After all, I’m just a cook with a bottle of Frank’s RedHot in close range.
You will be amazed at the effect a healthy drizzle of cayenne pepper sauce can do to a classic mild-flavored chicken salad.
Be prepared for a riot at the dinner table.
Buffalo Chicken Salad
- 4 cups chopped cooked chicken (leftover or rotisserie)
- 1 cup finely chopped celery
- 3/4 cup finely chopped carrots
- 3/4 cup mayonnaise (Paleo version below)
- 1/2 cup cayenne pepper sauce (like Frank's RedHot)
- 1/4 cup crumbled blue cheese (omit for paleo version)
- 2 tablespoons chopped parsley
- 2 tablespoon chopped chive
- 1 tablespoon chopped dill
- Set out a large mixing bowl. Chop the chicken, vegetables, and herbs. Place them all in the bowl.
- Add in the mayonnaise, cayenne pepper sauce, and crumbled blue cheese. Mix well. Cover and refrigerate until ready to serve.
Paleo Mayo (Aioli)
- 2 egg yolks
- 2 vinegar or lemon juice
- 1 tablespoon whole-grain mustard
- 1 1/2 cups avocado oil
- 2 garlic cloves
Place two egg yolks in the food processor and allow them to come to room temperature.

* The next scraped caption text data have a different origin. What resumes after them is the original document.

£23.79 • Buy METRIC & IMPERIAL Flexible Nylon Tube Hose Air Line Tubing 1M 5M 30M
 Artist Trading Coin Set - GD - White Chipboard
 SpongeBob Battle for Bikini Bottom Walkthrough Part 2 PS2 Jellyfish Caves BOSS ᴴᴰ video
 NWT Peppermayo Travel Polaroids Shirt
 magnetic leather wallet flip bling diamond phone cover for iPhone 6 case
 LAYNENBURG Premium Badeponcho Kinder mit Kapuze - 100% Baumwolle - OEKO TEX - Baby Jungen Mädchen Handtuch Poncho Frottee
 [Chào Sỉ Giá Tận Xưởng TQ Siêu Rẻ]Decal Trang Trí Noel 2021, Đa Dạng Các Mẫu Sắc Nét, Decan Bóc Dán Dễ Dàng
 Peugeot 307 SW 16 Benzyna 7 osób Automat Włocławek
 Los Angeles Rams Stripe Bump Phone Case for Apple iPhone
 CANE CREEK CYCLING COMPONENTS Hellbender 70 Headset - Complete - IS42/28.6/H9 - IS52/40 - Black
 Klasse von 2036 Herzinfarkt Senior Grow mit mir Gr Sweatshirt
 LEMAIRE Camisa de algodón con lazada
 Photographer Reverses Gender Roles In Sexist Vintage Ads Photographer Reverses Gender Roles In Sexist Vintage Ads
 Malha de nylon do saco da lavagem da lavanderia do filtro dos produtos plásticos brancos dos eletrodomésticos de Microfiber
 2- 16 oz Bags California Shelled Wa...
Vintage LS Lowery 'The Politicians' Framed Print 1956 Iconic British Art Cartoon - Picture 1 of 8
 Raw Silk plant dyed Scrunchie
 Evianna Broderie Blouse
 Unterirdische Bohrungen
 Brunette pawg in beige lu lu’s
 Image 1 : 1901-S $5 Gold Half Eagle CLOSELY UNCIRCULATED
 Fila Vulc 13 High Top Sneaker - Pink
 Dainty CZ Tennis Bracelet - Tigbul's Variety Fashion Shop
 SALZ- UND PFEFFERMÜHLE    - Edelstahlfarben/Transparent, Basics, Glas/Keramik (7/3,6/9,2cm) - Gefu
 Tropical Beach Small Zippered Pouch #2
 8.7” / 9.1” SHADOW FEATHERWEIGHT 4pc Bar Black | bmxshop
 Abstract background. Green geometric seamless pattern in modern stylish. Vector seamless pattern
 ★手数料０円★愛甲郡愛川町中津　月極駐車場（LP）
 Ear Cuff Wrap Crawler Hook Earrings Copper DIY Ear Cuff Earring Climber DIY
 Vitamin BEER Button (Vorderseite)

Add the vinegar, mustard, 1/4 cup of avocado oil, and garlic to the food processor. Turn on, and SLOWLY add the remaining oil in a tiny drizzling ribbon. If you're adding it slow enough, your arm will start to get sore, but don't give up. The slow ribbon of oil blending into the mixture allows the ingredients to emulsify into a thick creamy aioli.
Once all the oil is incorporated, scoop the aioli into a bowl. Salt and pepper to taste. Cover and refrigerate until ready to serve. Chilling the paleo mayo until ready to use in the Buffalo Chicken Salad.